- **WHAT IS NEEDED**
Omit all pictures, then retype the data exactly as given.

- **SUPPLIED MATERIAL**
━━━━━━
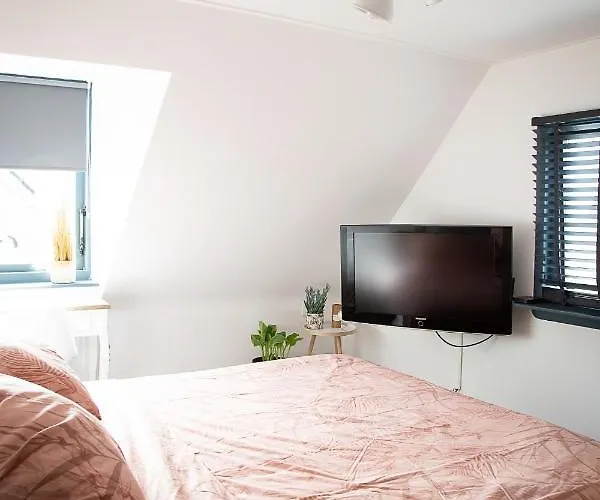 Bed And Wine Nonsolovino Bed & Breakfast *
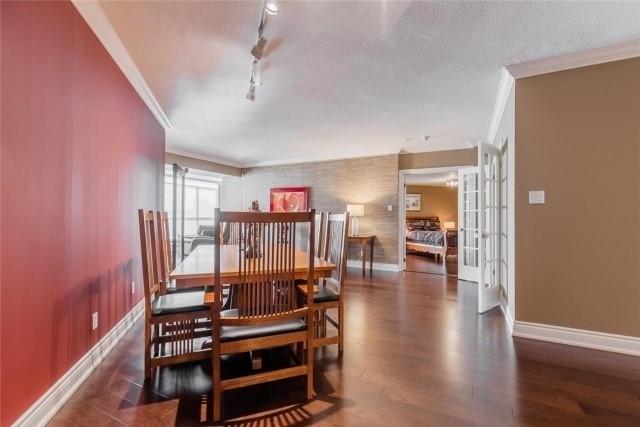 1002 - 415 Locust St, Condo with 2 bedrooms, 3 bathrooms and 2 parking in Burlington ON | Image 2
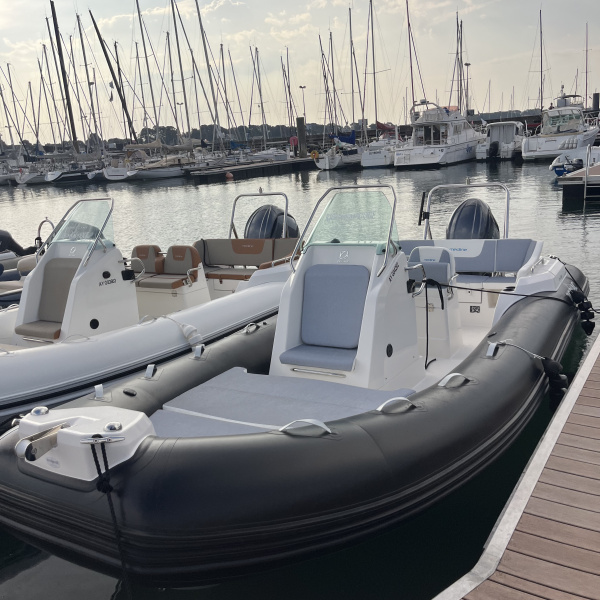 Zodiac Medline 6.8 neuf 2026 vue de face semi-rigide | Rioux Nautique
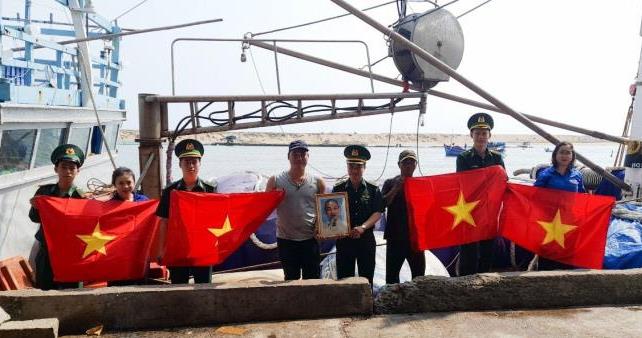 “Tháng Ba biên giới” ở biên giới biển Phú Yên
━━━━━━
- **OUTPUT OF THE EXERCISE**
 Bed And Wine Nonsolovino Bed & Breakfast *
 1002 - 415 Locust St, Condo with 2 bedrooms, 3 bathrooms and 2 parking in Burlington ON | Image 2
 Zodiac Medline 6.8 neuf 2026 vue de face semi-rigide | Rioux Nautique
 “Tháng Ba biên giới” ở biên giới biển Phú Yên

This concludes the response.